Bu korku, iktidarın doğrudan baskısından çok daha güçlüdür, çünkü bireyin zihninde sürekli olarak yeniden üretilir. Foucault’nun panoptikon metaforunda olduğu gibi, herkes kendi hücresinde görünmez bir gözetleyici varmış gibi davranır. Böylece fiziksel bir baskı olmadan, bireyler gönüllü olarak kendi davranışlarını sınırlar.
Türkiye özelinde bu, özellikle sosyal medya paylaşımlarında ve kamusal tartışmalarda açıkça görülebilir. “Görünmez olmak” ya da “fikir beyan etmemek” yaygın bir hayatta kalma stratejisine dönüşmüştür. Bu da toplumsal alanın giderek daralmasına, muhalif seslerin azalmasına ve kamusal tartışmanın fakirleşmesine neden olur.
Hakikat Yerine Hikaye: İtirafçılığın sistemdeki bir diğer işlevi, gerçeğin yerini “kurgulanmış” bir anlatının almasıdır. Somut delil toplama süreci zaman, emek ve bağımsız yargı gerektirirken, itirafçı beyanları iktidara hazır bir hikâye sunar. Bu hikâye, gerçekliği yansıtmak zorunda değildir; önemli olan, iktidarın ihtiyaç duyduğu politik çerçeveye uymasıdır.
Böylece “hakikat”in yerini, bir tür “politik kurgu” alır. İtirafçının söylediği, sorgulanmadan ve çoğu zaman çapraz delille desteklenmeden “kanıt” olarak kabul edilir. Bu durum, hem masumların cezalandırılmasına hem de suçluların korunmasına yol açabilir.
Türkiye’de bu eğilim, özellikle toplu davalarda ve siyasi yargılamalarda öne çıkıyor. Bir kişinin başka birini suçlaması, çoğu zaman o kişinin hayatını altüst etmeye yetiyor. Bu, yalnızca hukuki bir mesele değil; toplumsal hafızayı da etkileyen bir süreç. Gerçeğin yerini alan “resmî hikâye”, zamanla tarih anlatısına da sızıyor ve kuşaklar boyu yeniden üretiliyor.
Hakikatin yerini hikâyenin alması, aynı zamanda toplumu pasif izleyiciye dönüştürüyor. İnsanlar, gerçeği araştırmaktansa, önlerine konan anlatıyı tüketiyor. Böylece hem iktidarın versiyonu meşrulaşıyor hem de toplum, “gerçeği bilme hakkı”ndan yavaş yavaş vazgeçmiş oluyor.

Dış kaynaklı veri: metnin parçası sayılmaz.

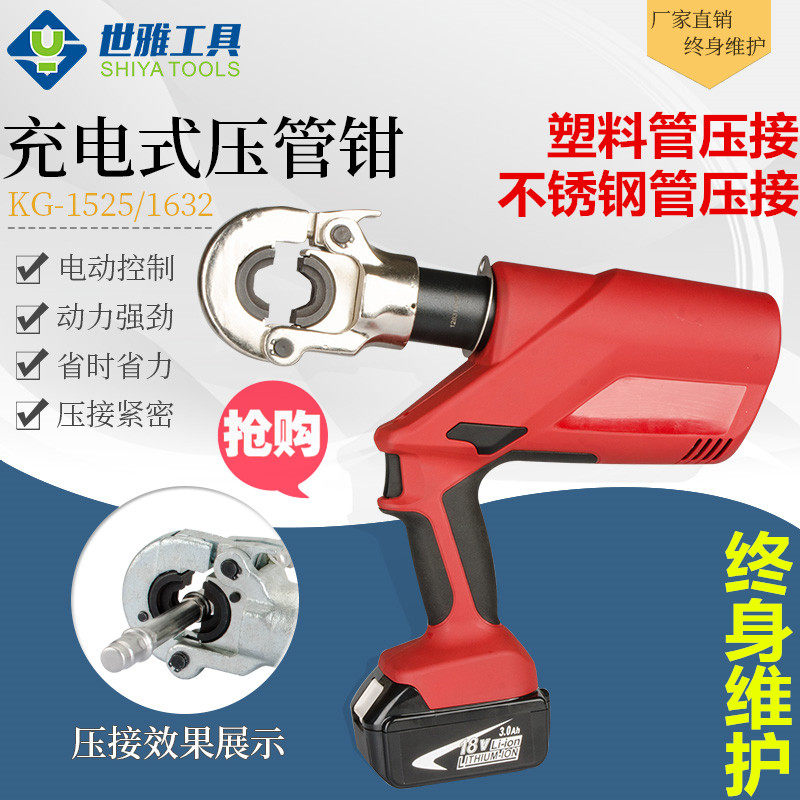 Portable rechargeable press pipe pliers 1632 1525 rechargeable hydraulic pressure pipe pliers electric liquid stainless steel card press pliers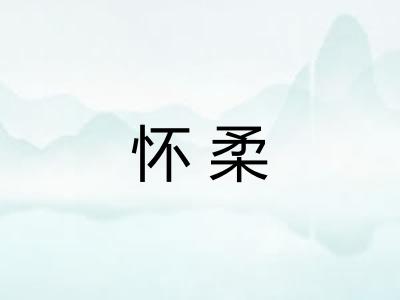 怀柔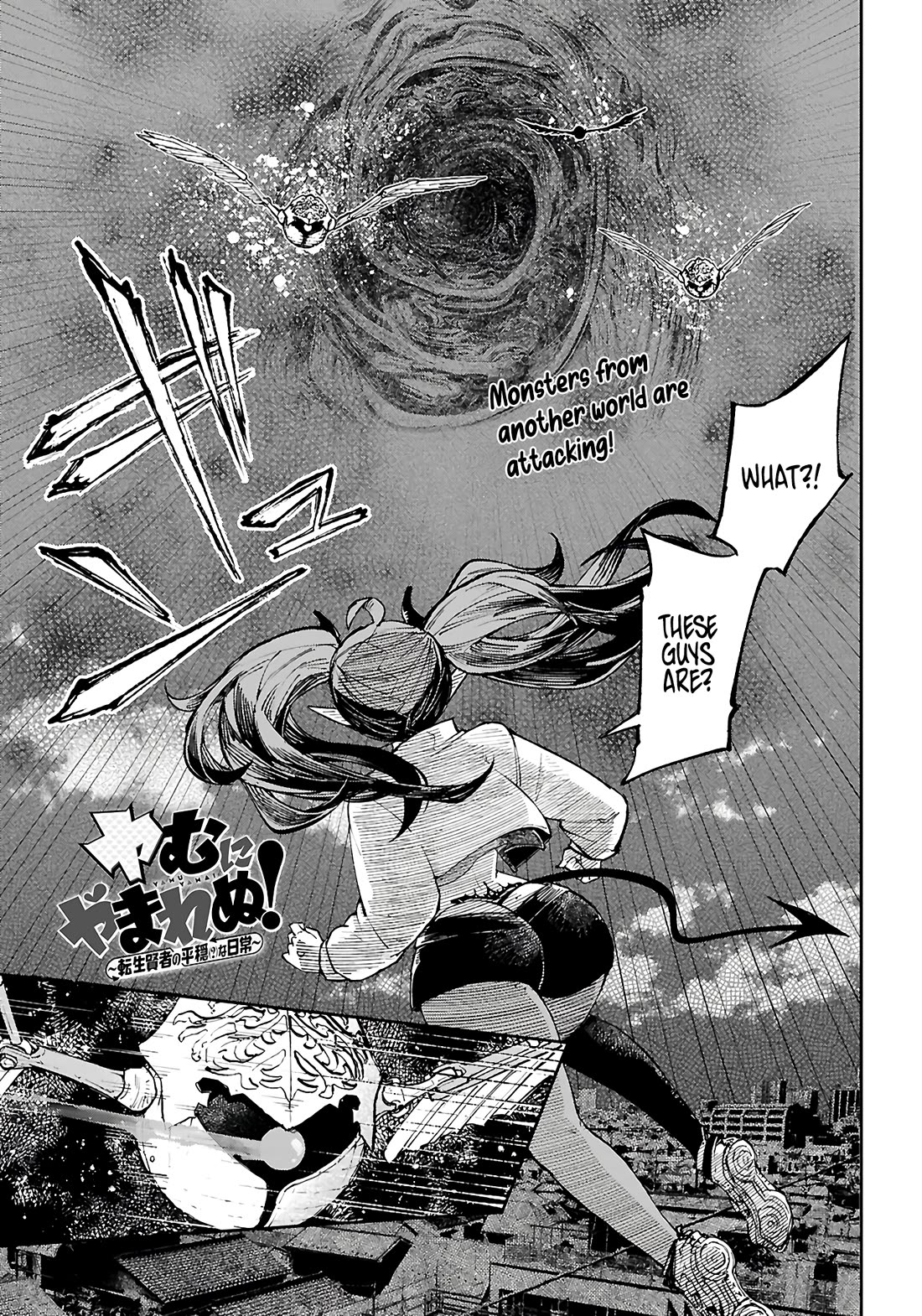 Irresistible! The Ordinary(?) Daily Life of a Reincarnated Sage chapter 2 page 2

İtirafçılığın uzun vadeli etkileri
İtirafçılık, yalnızca bireysel yaşamları altüst eden bir pratik değil; aynı zamanda toplumsal dokuyu sessizce kemiren bir süreçtir. Bireysel düzeyde, suçlanan ya da suçlayan herkesin yaşamı kalıcı olarak değişir. “İtirafçı” etiketi, ömür boyu taşınan, güveni ve saygınlığı zedeleyen bir damgadır. İtiraf edilen şey doğru olsa da olmasa da, kişinin kendisi de “kendi hikâyesinin sahibi” olma hakkını kaybeder; artık onun hikâyesi, başkalarının yazdığı bir senaryoya bağlıdır.
Toplumsal düzeyde ise en büyük zarar, güvenin erozyonudur. İnsanların birbirine ve kurumlara olan inancı zayıflar. Herkesin herkesten şüphe ettiği bir ortamda, ortak yaşam alanları çatlar; arkadaşlık, komşuluk, hatta aile ilişkileri bile kırılgan hale gelir. Bu kırılma, yalnızca politik alanı değil, gündelik hayatın en sıradan anlarını bile zehirler.
İktidar açısından bakıldığında, bu durum işlevseldir: korku ve güvensizlik ortamı, muhalefetin örgütlenmesini zorlaştırır. Ancak uzun vadede bu strateji, devlet-toplum ilişkisini geri dönüşsüz biçimde tahrip eder. Çünkü korkuya dayalı kontrol, bir noktadan sonra yalnızca itaat değil, aynı zamanda öfke ve direnç biriktirir.
İtirafçılık böylece, kısa vadede iktidara güç kazandırırken, uzun vadede toplumsal barışa, hukukun üstünlüğüne ve kolektif hafızanın sağlıklı biçimde oluşmasına zarar verir. Gerçeğin yerini hikâyenin aldığı, hakikatin pazarlık konusu edildiği bir toplumda, gelecek nesillerin üzerinde yükseldiği zemin giderek çürür.